List. Output of params_cistarget():

  • auc_threshold - Numeric. Proportion of genes to use for AUC threshold calculation. Default 0.05 means top 5 percent of genes.

  • nes_threshold - Numeric. Normalised Enrichment Score threshold for determining significant motifs. Default is 3.0.

  • rcc_method - Character. Recovery curve calculation method: "approx" (approximate, faster) or "icistarget" (exact, slower).

  • high_conf_cats - Character vector. Annotation categories considered high confidence (e.g., "directAnnotation", "inferredBy_Orthology").
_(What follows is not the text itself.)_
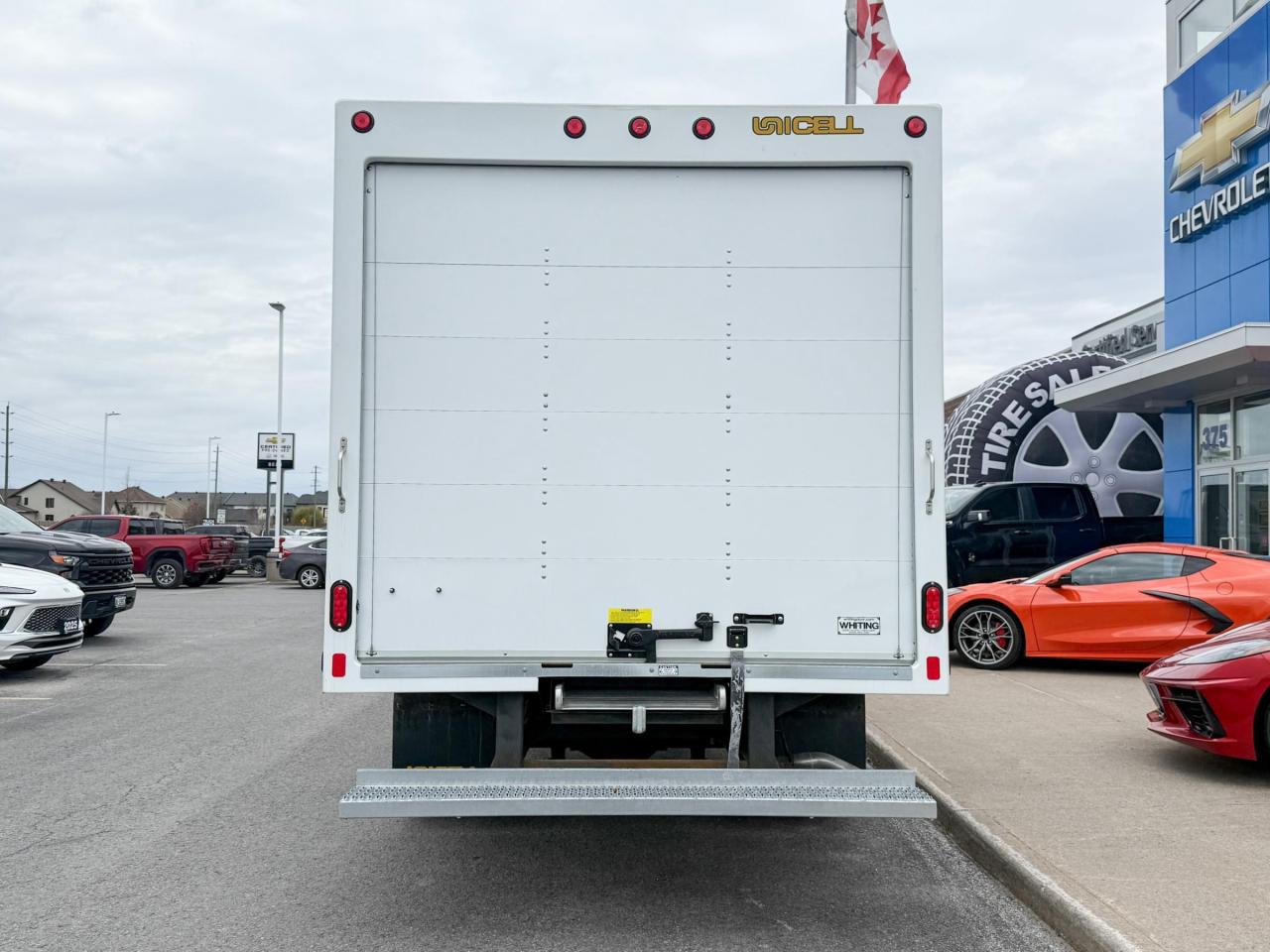 2024 Chevrolet Express Cutaway Work Van 6.6L V8, CLOTH SEATS, AIR CONDITIONING, CRUISE CONTROL, MP3 PLAYER Photo3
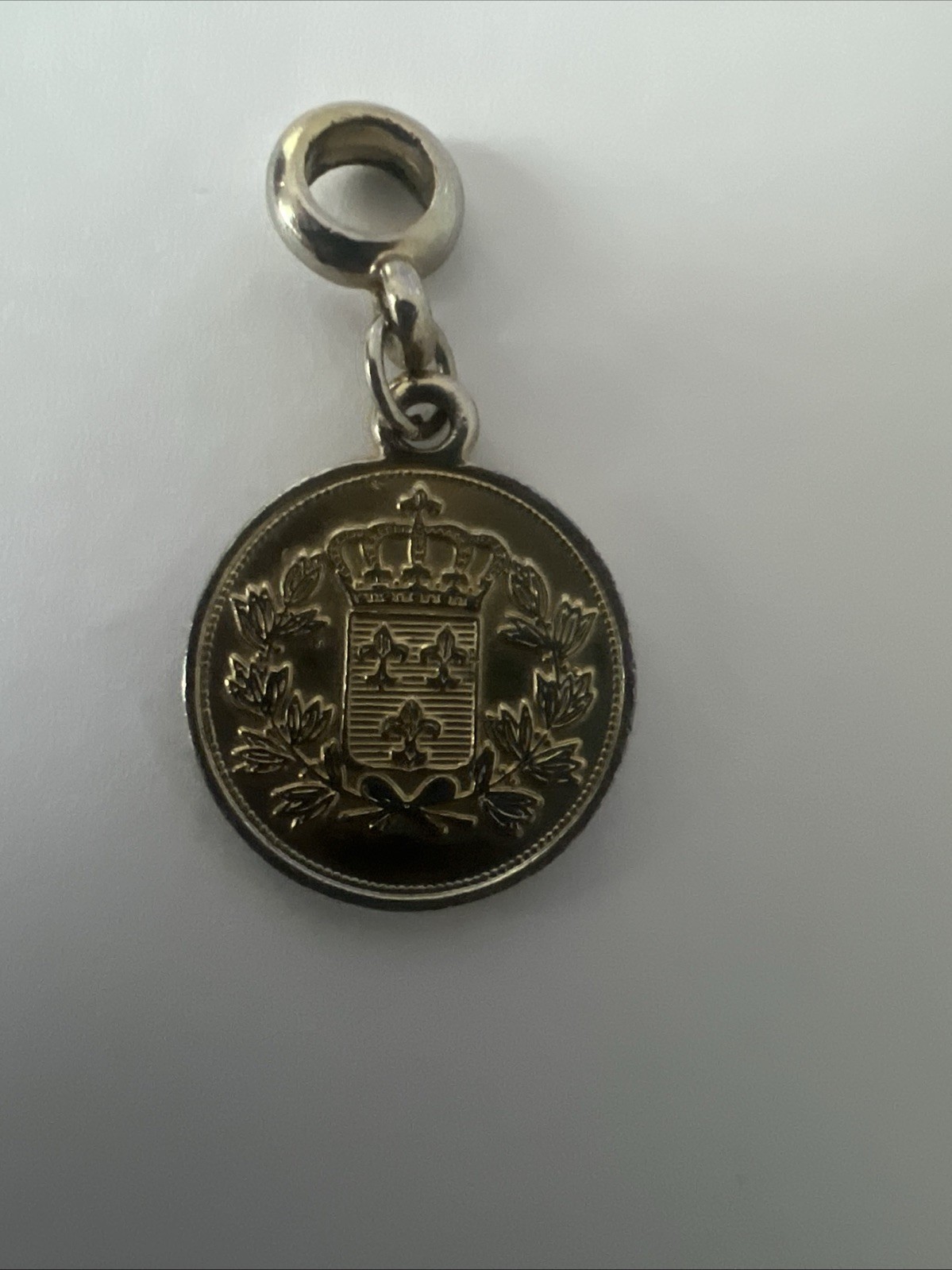 Vintage 1971 Queen Elizabeth The Second Pendant/Charm Silver Tone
  • low_conf_cats - Character vector. Annotation categories considered lower confidence (e.g., "inferredBy_MotifSimilarity").

gene_id_to_symbol

Named character vector. Mapping from gene identifiers used internally (e.g., Ensembl IDs) to the identifiers used in the motif rankings (e.g., HGNC symbols). Names are internal IDs, values are ranking IDs. If NULL (default), no mapping is applied and the internal IDs are assumed to match the ranking rownames.

only_high_conf_tf

Boolean. Shall only the high confidence TF to motif association be used. Defaults to TRUE.

.verbose

Boolean. Controls verbosity of the function.

Value

Adds a data.table with the first tf to gene results to the class.